Alle jene klassischen Bands haben uns beeinflusst – SLAYER, MORBID ANGEL, VENOM und MOTÖRHEAD... Jedes Mal, wenn wir die Chance haben, einen Song zu covern, der uns beeinflusst hat, gibt es kein wenn und aber, er wird gespielt. Jene Bands waren sehr wichtig für uns, nicht nur, um unseren Stil zu entwickeln, auch, um Zugang zur Musik zu finden. Es ist nicht schwer, umgehend duzende von Songs zu nennen, die uns zu dem gemacht haben, was wir nun sind – vielleicht covern wir demnächst etwas von SEPULTURA, da auch sie sehr wichtig für uns waren – zumindest zu ihren Anfängen. Es gibt noch so viele Bands, denen ich gerne Tribut zollen würde...


Also macht ihr es, um Tribut zu zollen...

Yeah, aber auch zum Spaß – es ist nicht nur eine Hommage, quasi auch, um jüngeren Fans die alten, wegweisenden Bands zu zeigen. Auch wenn dann Typen wie jene von MOTÖRHEAD oder VENOM niemals etwas von KRISIUN gehört haben – das ist dann egal...


Ihr habt bereits einen Clip für “Murder” von “Works of Carnage” gedreht, zu “Assassination” gibt es einen zu “Vicious Wrath”. Habt ihr die Möglichkeiten, dass jene Songs auch im Fernsehen gezeigt werden oder ist es primär eine „just for fun“-Aktion, quasi ein Gimmick für die Fans?

Das brasilianische MTV hat einmal je Woche eine Metalshow, und sie spielen unseren Clip neben anderem Metalzeug, wie zum Beispiel MORBID ANGEL, SLAYER, MOTÖRHEAD und was auch immer – es sind zwar nur zwei Stunden wöchentlich, aber sie spielen und supporten uns immerhin... Amerika hat zudem auch MTV 2, auf dem auch Metal läuft. Wir finden das ziemlich cool, weil wir so die Chance haben, auch jüngeren Kindern, die eher auf Nu Metal oder Rock stehen KRISIUN schmackhaft zu machen, vielleicht stehen sie ja drauf, auch wenn’s härter ist...


Sicher eine Frage, die ihr öfters gestellt bekommt – KRISIUN besteht aus drei Brüdern, jedoch habt ihr als Quartett begonnen. Macht es die Sache nun einfacher oder schwerer, wenn die Mitglieder auch blutsverwandt sind?
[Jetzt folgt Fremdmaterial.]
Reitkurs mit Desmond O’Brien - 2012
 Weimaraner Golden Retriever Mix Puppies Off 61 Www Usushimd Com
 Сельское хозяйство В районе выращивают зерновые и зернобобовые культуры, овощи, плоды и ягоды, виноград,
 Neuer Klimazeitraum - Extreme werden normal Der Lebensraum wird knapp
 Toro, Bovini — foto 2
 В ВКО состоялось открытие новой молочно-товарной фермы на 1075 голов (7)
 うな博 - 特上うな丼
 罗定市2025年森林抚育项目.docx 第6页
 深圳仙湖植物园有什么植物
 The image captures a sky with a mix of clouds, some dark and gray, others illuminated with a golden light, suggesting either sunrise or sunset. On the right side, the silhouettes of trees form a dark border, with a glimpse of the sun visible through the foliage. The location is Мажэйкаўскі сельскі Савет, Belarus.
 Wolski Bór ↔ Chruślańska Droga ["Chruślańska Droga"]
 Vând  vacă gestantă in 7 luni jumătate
Ich denke, das macht die Sache nur einfacher, wenn man mit seinen Brüdern zusammenarbeitet hilft das dem Bandklima ungemein, da selbst wenn wir streiten oder uns beschimpfen niemals vergessen, dass wir blutsverwandt sind und es somit nicht so ernst nehmen – heute soll er sich verpissen, morgen ist die Sache bereits wieder vergessen. Wenn du so mit jemandem umspringst, der nicht mit dir verwandt ist, dann nimmt er das vielleicht doch etwas ernster, persönlicher – und selbst, wenn du ihm nur sagst, dass er einen Scheiß zusammenspielt – und steigt aus. Brüdern – so denke ich – kannst du alles ins Gesicht sagen, unverblümt. Über die Jahre haben wir gelernt, wie man miteinander umgeht – immerhin sind wir ja zusammen aufgewachsen – wie man sich gegenseitig Respekt zeigt, wie man sich selbst unter Kontrolle behält, schlichtweg: seinen Mann stellt. Man muss sein Ego unter Kontrolle haben, denn sonst läuft die ganze Sache irgendwann einmal in die falsche Richtung. Daher ist es in jeder Band – egal, ob sie aus Brüdern besteht oder nicht – wichtig, dass du dich selbst stets unter Kontrolle hast und ... einfach den Fluss der Dinge akzeptierst, eine gute Zeit hast.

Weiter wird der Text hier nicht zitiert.